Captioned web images

━━━━━━━━━━

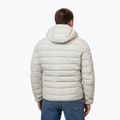 Pánská zimní bunda Pitbull Seacoast 3 Quilted Hooded 3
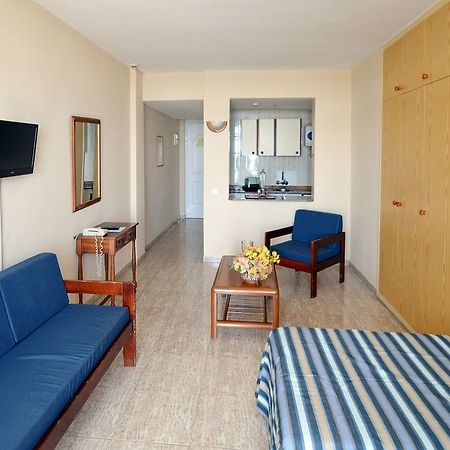 Hotel Livvo Veril Playa Playa del Ingles  Dış mekan fotoğraf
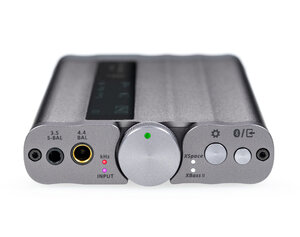 iFi xDSD Gryphon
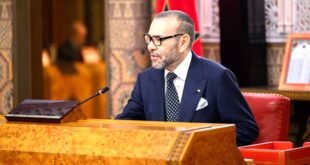 Par : AlArab-tv.com Rabat - Suite à la médiation de Sa Majesté le Roi, que Dieu L'assiste, Son Excellence Monsieur Ibrahim Traoré, Président de la République du Burkina Faso, a répondu favorablement à Sa demande de libération de quatre ressortissants français, retenus à Ouagadougou depuis le mois de décembre 2023, indique le ministère des Affaires étrangères, de la Coopération africaine et des Marocains résidant à l’étranger.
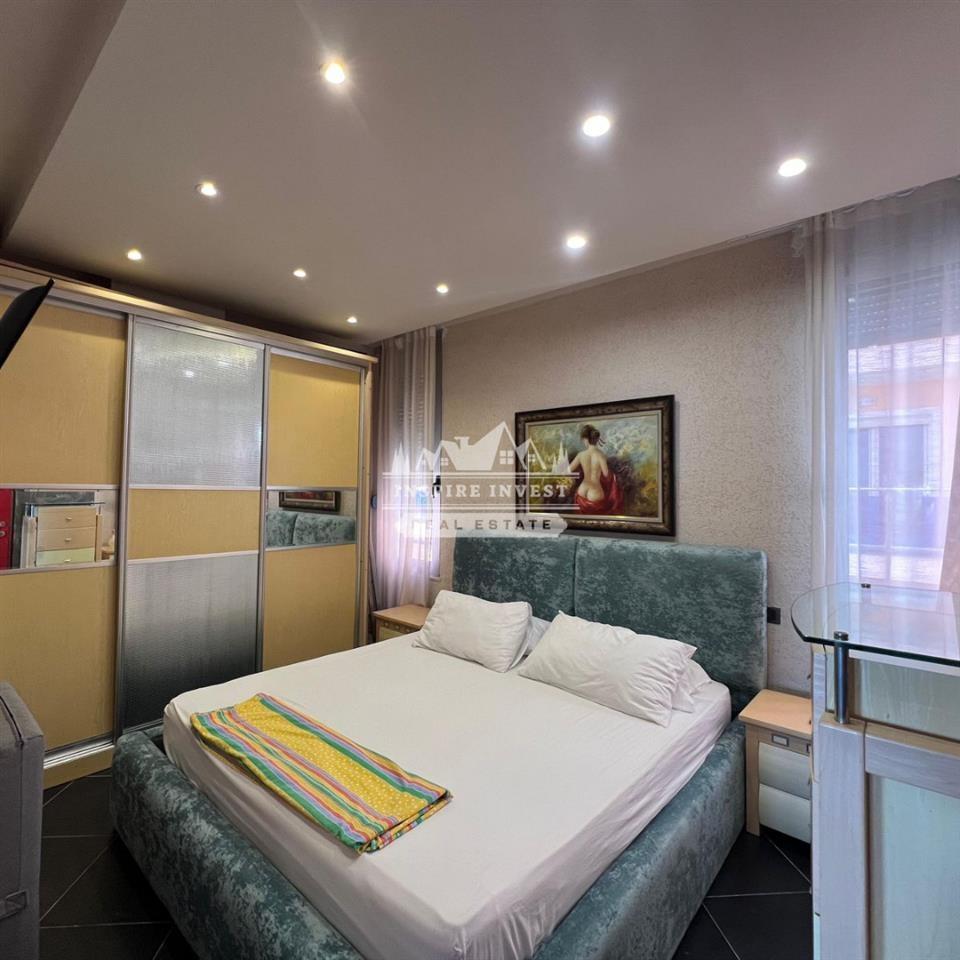 SHITET APARTAMENT 1+1 PLAZH,DURRES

━━━━━━━━━━

- _What you are asked to do_:
Leave out the pictures and repeat exactly the lines from the one containing "iFi xDSD Gryphon" through the last line of the entries.

- _Response below_:
 iFi xDSD Gryphon
 Par : AlArab-tv.com Rabat - Suite à la médiation de Sa Majesté le Roi, que Dieu L'assiste, Son Excellence Monsieur Ibrahim Traoré, Président de la République du Burkina Faso, a répondu favorablement à Sa demande de libération de quatre ressortissants français, retenus à Ouagadougou depuis le mois de décembre 2023, indique le ministère des Affaires étrangères, de la Coopération africaine et des Marocains résidant à l’étranger.
 SHITET APARTAMENT 1+1 PLAZH,DURRES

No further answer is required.